- TASK STATEMENT: Only the pictures should be left out; repeat the rest of the data exactly.

- Collected data:
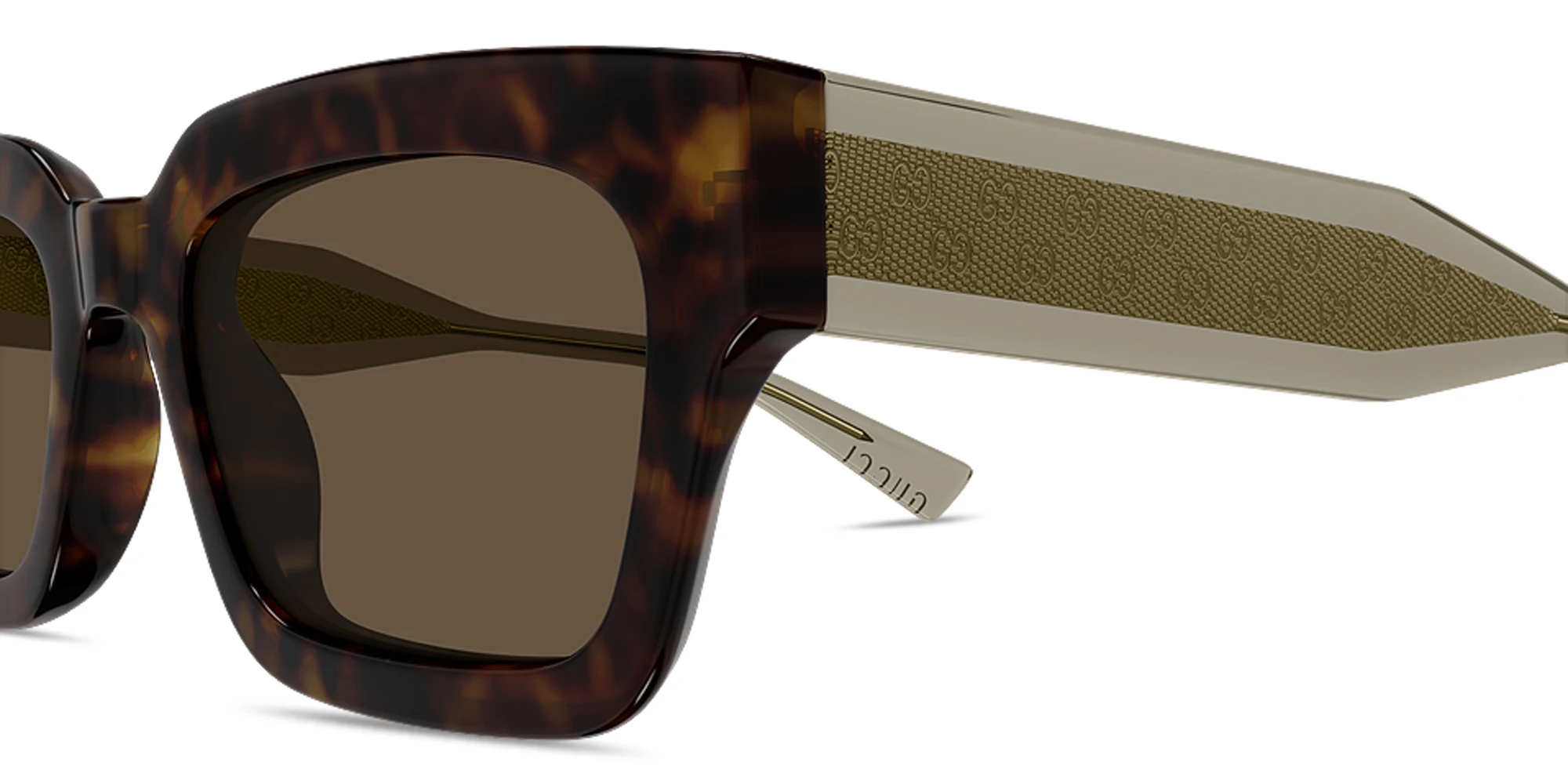 Shop GUCCI Monogram Wirecore Rectangle Sunglasses in Dark Havana online.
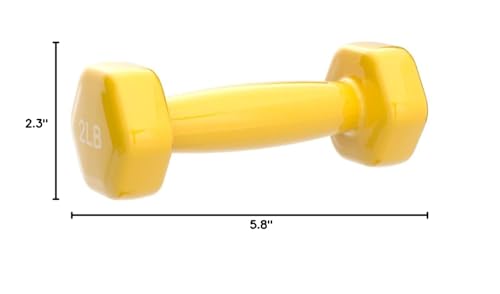 Amazon Basics Vinyl Coated Dumbbell Hand Weights, 2 Pounds, Pair, Yellow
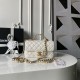 Replica Borse  Chanel Flap 25K AS5813 AS5814 Manico con diamanti smerigliati Bianco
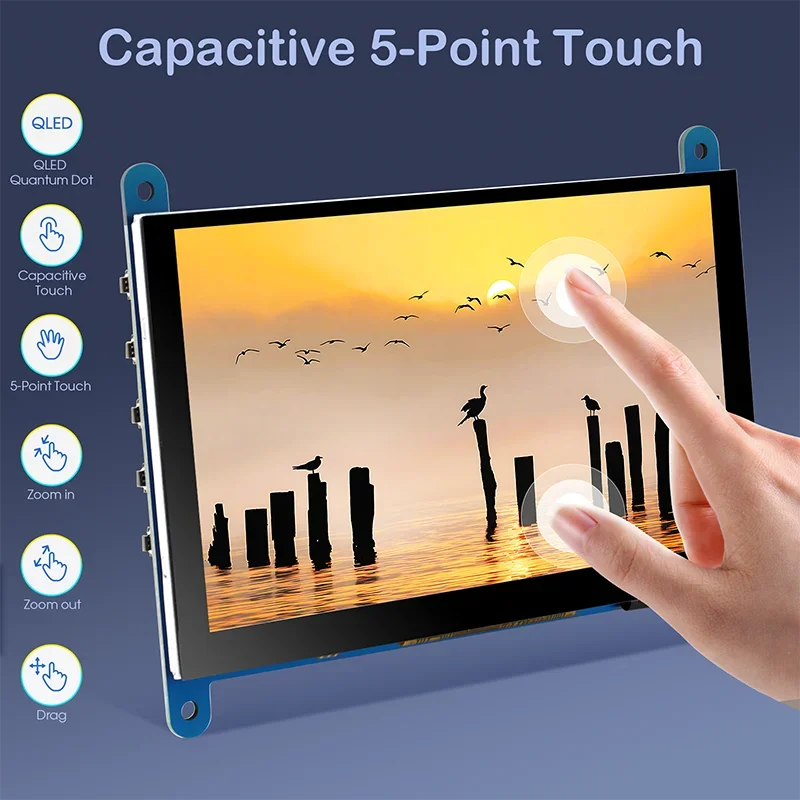 Hot Sale 5inch QLED Quantum Dot Display 800 x 480 Capacitive Touch Screen Support Various Systems with free shipping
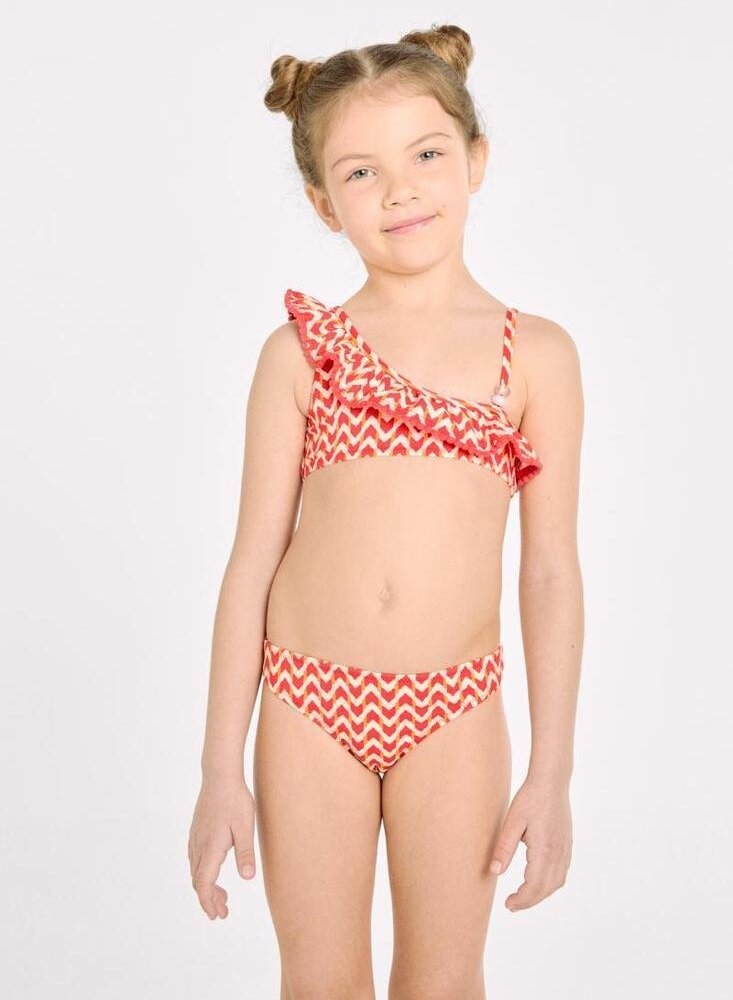 Bikini niña asimétrico detalle volante estampado étnico - Ysabel Mora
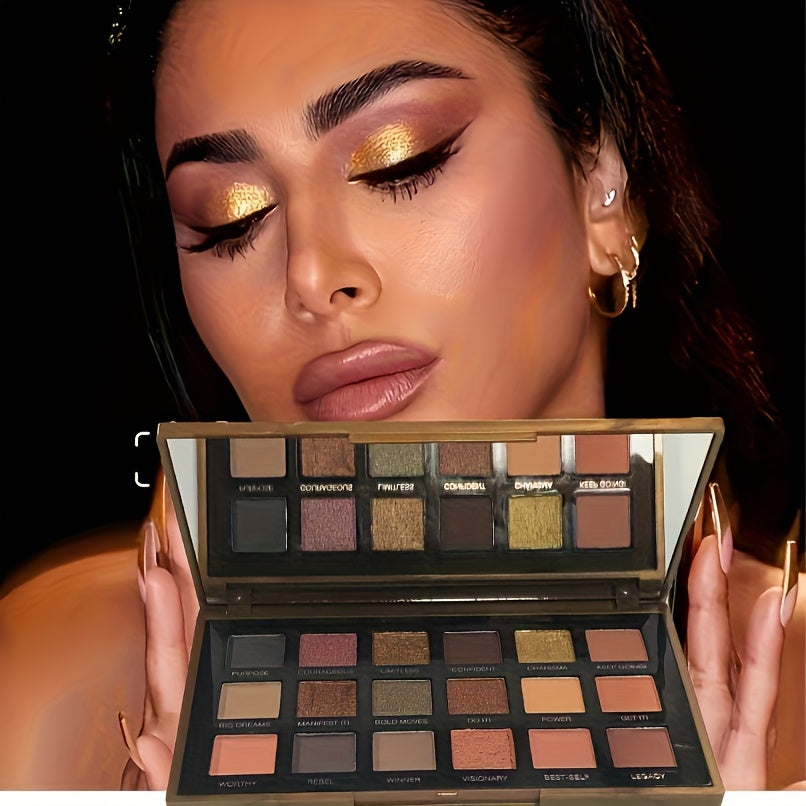 18-Color All-in-One Eyeshadow Palette with Matte, Shimmer, Glitter & Rainbow Effects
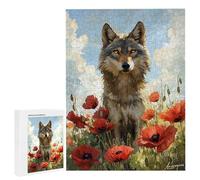 Puzzle Adulte 1500 Pièces Le Loup Coquelicot 87 x 57cm Puzzles pour Adultes Jeu éducatif Défi Jouets 1500 Pièces Puzzles pour Enfants, Puzzle de Bricolage Coloré pour la Décor de la Maison m-944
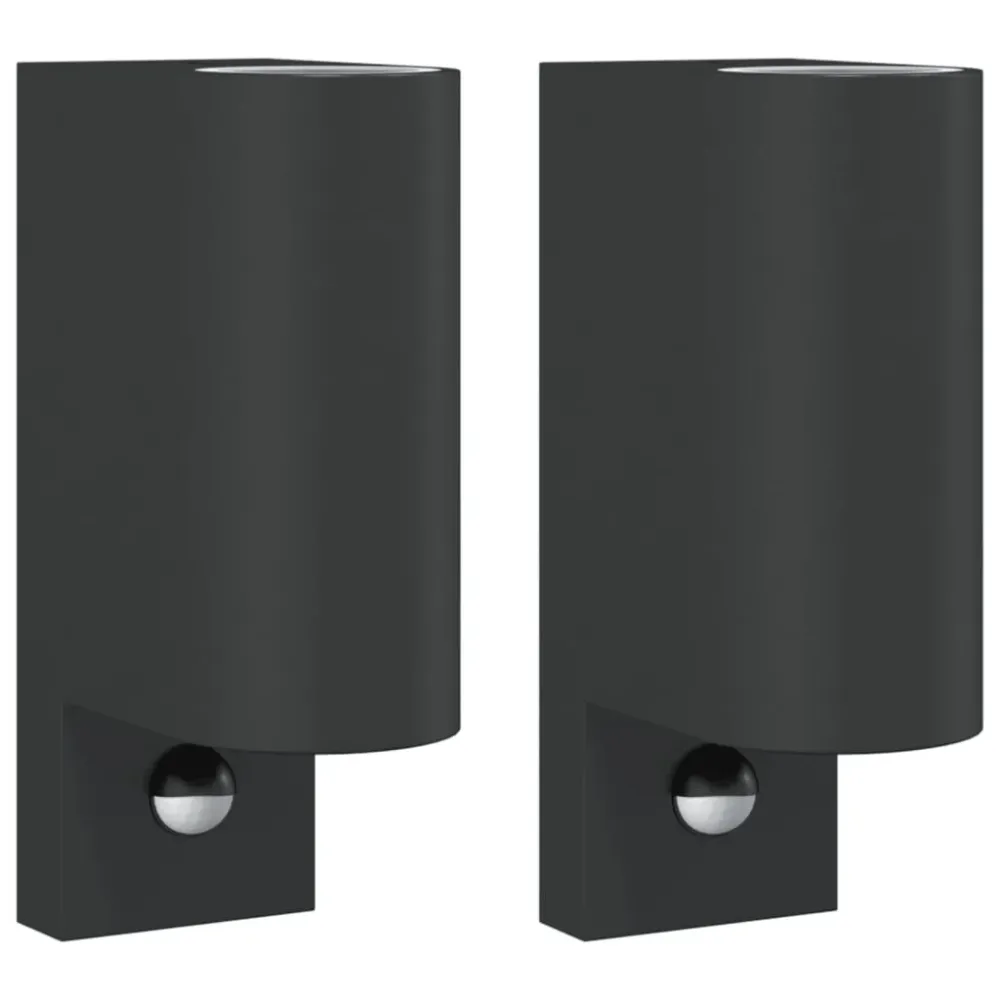 Candeeiros parede para exterior com sensor 2 pcs alumínio preto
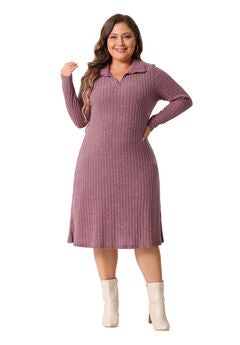 Ribbed Sweater Half Zip Front Tie Waist Knit Midi Dress with Belt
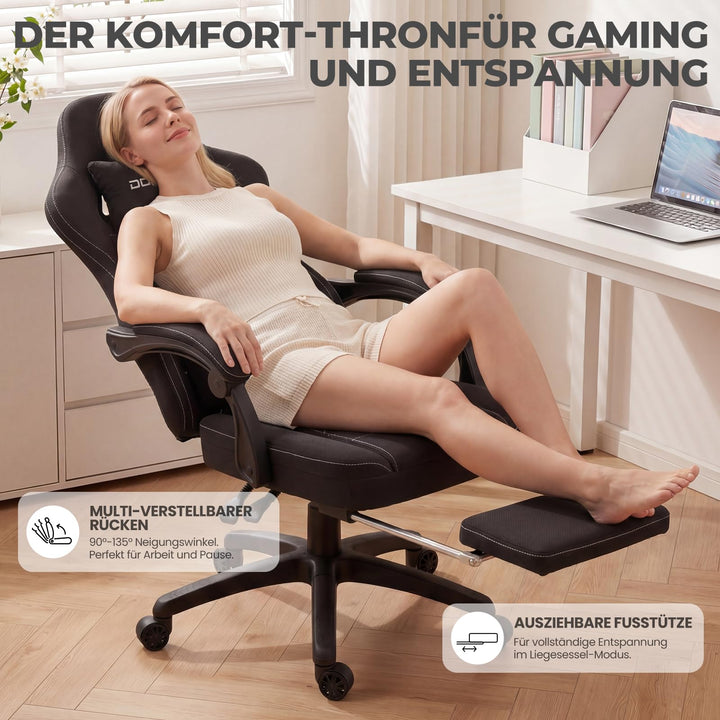 Gaming Stuhl Stoff ergonomisch mit Taschenfederkern und Fussstuetze 150 kg - Bild 7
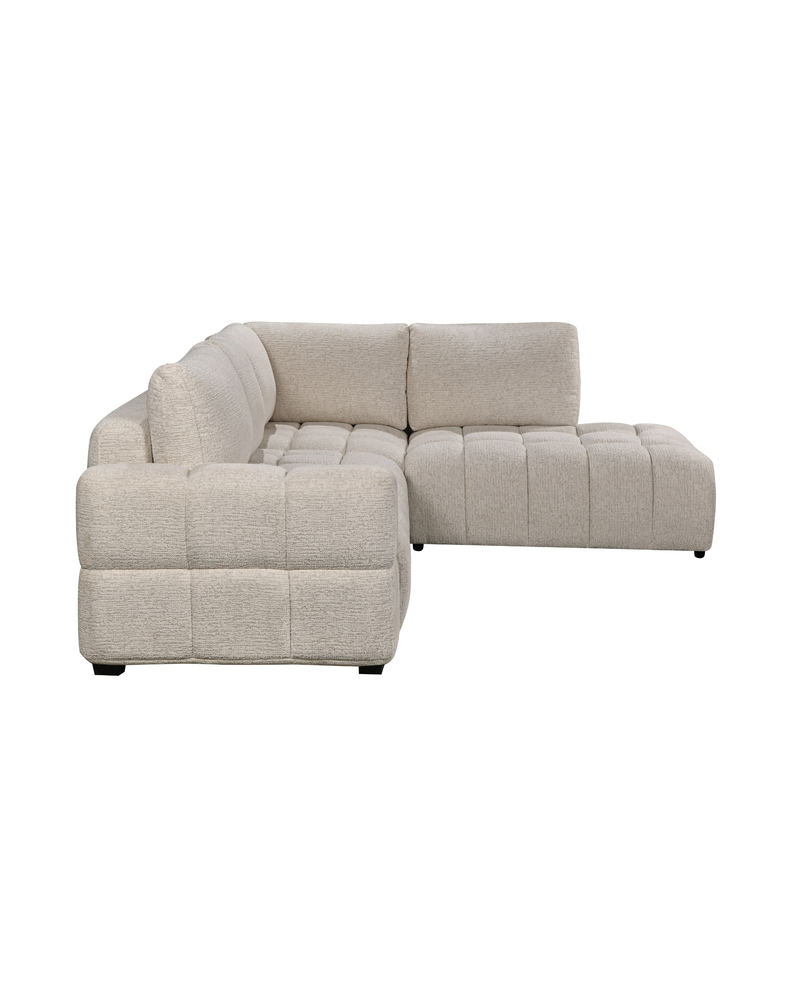 Aykah chenille Harmony Sectional in Ivory Melange, right-facing, side profile showing depth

- REPLY TO THE EXERCISE:
 Shop GUCCI Monogram Wirecore Rectangle Sunglasses in Dark Havana online.
 Amazon Basics Vinyl Coated Dumbbell Hand Weights, 2 Pounds, Pair, Yellow
 Replica Borse  Chanel Flap 25K AS5813 AS5814 Manico con diamanti smerigliati Bianco
 Hot Sale 5inch QLED Quantum Dot Display 800 x 480 Capacitive Touch Screen Support Various Systems with free shipping
 Bikini niña asimétrico detalle volante estampado étnico - Ysabel Mora
 18-Color All-in-One Eyeshadow Palette with Matte, Shimmer, Glitter & Rainbow Effects
 Puzzle Adulte 1500 Pièces Le Loup Coquelicot 87 x 57cm Puzzles pour Adultes Jeu éducatif Défi Jouets 1500 Pièces Puzzles pour Enfants, Puzzle de Bricolage Coloré pour la Décor de la Maison m-944
 Candeeiros parede para exterior com sensor 2 pcs alumínio preto
 Ribbed Sweater Half Zip Front Tie Waist Knit Midi Dress with Belt
 Gaming Stuhl Stoff ergonomisch mit Taschenfederkern und Fussstuetze 150 kg - Bild 7
 Aykah chenille Harmony Sectional in Ivory Melange, right-facing, side profile showing depth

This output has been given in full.